May has led the federal party since 2006. Jo-Ann Roberts, the Green Party’s deputy leader and a former veteran journalist, has been named to replace her in the interim. May will serve as parliamentary leader and stay on as an MP.

The longtime leader said the decision shouldn’t come as a surprise, given past comments she made about reviewing her role after the election. She explained she made a promise to her daughter in 2016 that this election would be her final campaign.

“I’m very excited to know that I’ll have time with my husband and time with my daughter and my extended family,” May said as she reached out to hold the hand of her husband John Kidder, who stood behind her. “I keep my promises, especially to my daughter Kate.”

Adrian Wyld/CP
Green MP Paul Manly, left, John Kidder, and Green MP Jenica Atwin look on as party leader Elizabeth May announces Jo-Ann Roberts as the interim party leader during a news conference in Ottawa on Nov. 4, 2019.

Roberts told reporters she’s taking on the new role “somewhat reluctantly.” 

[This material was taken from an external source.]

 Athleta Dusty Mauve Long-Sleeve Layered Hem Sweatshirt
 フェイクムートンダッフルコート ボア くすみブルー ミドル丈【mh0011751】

It’s “very difficult” to think about filling May’s shoes, she said. “I think I’ll just keep the shoes in place while we prepare for a leadership race.” 

The Greens won three seats in last month’s federal election. In addition to May’s seat, Paul Manly won Nanaimo-Ladysmith on Vancouver Island and newcomer Jenica Atwin took Fredericton.

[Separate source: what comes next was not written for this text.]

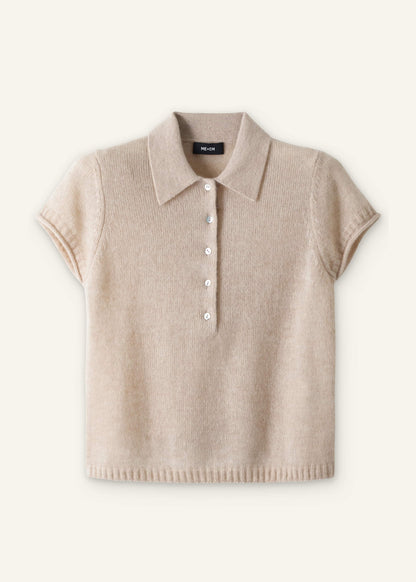 Oatmeal Merino Cashmere Silk Straight Polo Tee | ME+EM Clothing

It wasn’t enough to hold the balance of power in the minority Liberal government, but May said she was encouraged by the fact that more than 50 Green candidates received at least 10 per cent of the vote in their ridings. Support for the party has gone mainstream across the country, she said, making it a viable political force that can exert an influence on policy.

In the last Parliament, May repeatedly urged MPs to listen to the science behind climate change and implement policies to make drastic cuts to emissions. She was the only federal leader who showed up to a climate-emergency debate in the House of Commons in June

Her environmental activism got her arrested last year when she joined protesters in Burnaby, B.C. at Kinder Morgan’s terminal site for the Trans Mountain pipeline. The popular MP kept her seat in Saanich–Gulf Islands, winning it with nearly 49 per cent of the vote.

“I’m not stopping my work,” May told reporters Monday, calling the climate crisis “as critical as ever.” She pledged to continue pushing the government and opposition leaders to get “real climate action.”

“We will continue to push and to fight, whether I’m leader of the Green Party, past leader of the Green Party, member of Saanich–Gulf Islands or citizen at large.”

She teased that the party has “very good people” who are thinking about running for leader. As the country’s only female leader of a major party, the environmentalist declined to say whether she hoped a woman would replace her.

“I have nothing against white men, even old white men. I just married one,” May joked, giving her husband a quick kiss. “They’re really good.”

The outgoing Green leader said she has another job in her sights, Speaker of the House, addressing recent speculation about her interest in the role. She will consider it after the next election, she said.

The party plans to hold a leadership convention in Charlottetown next fall.